I think ‘Why are there laws of nature’ is an intriguing question. One thing is for sure - we don’t know the answer today. We could ask if it is conceivable that we ever will. Well, ever is a long time (if we don’t blow our selves up with nuclear weapons or destroy ourselves by AGW, that is). I’m not sure if it is completely impossible we might know one far off day. It seems that we may have reached the end of the chain of ever smaller or more fundamental particles. There does not - AFAIK - seem to be any internal structure to electrons, or quarks. We may not be doomed to discover end endless chain of ever smaller and more fundamental particles.
The only possible reasons for the laws of nature I can imagine would be some necessary self-reinforcing truth, something like a physical axiom, a property of reality that must be be true. Not so much a theory of everything, but an axiom of everything.

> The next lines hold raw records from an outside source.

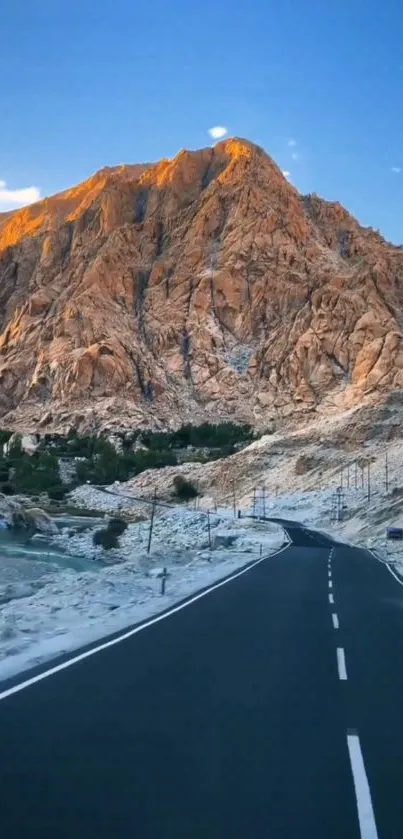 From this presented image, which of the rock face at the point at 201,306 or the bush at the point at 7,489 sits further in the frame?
the rock face at the point at 201,306

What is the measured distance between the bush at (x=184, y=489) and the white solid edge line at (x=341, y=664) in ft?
259

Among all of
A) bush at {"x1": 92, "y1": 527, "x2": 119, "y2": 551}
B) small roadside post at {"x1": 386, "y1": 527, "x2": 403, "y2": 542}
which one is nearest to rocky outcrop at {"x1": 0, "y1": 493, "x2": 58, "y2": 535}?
bush at {"x1": 92, "y1": 527, "x2": 119, "y2": 551}

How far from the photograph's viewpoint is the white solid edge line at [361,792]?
4.73m

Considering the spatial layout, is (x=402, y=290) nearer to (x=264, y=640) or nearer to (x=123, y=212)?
(x=123, y=212)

Of course that is just words. Human brains (or at least my human brain) seems very reluctant to give up the idea that everything has an anteceent cause, or a reason. But can the chain of antecedents be truly infinite? If there are no infinities in nature, it would necessitate an end point somewhere. Can we really go a million years - or a billion years - just finding more and more levels of antecedent? Or would we eventually find a non-supernatural ‘causa sui’?
Of course there is always the cheat of invoking the anthropic principle - if there weren’t laws of nature, we would not be here to discuss them! But I’ve never liked the AP - it always seems like a ‘clever dick’ answer rather than a proper explanation of anything…
But I think we can’t answer the question posed right now. Come back in a million years.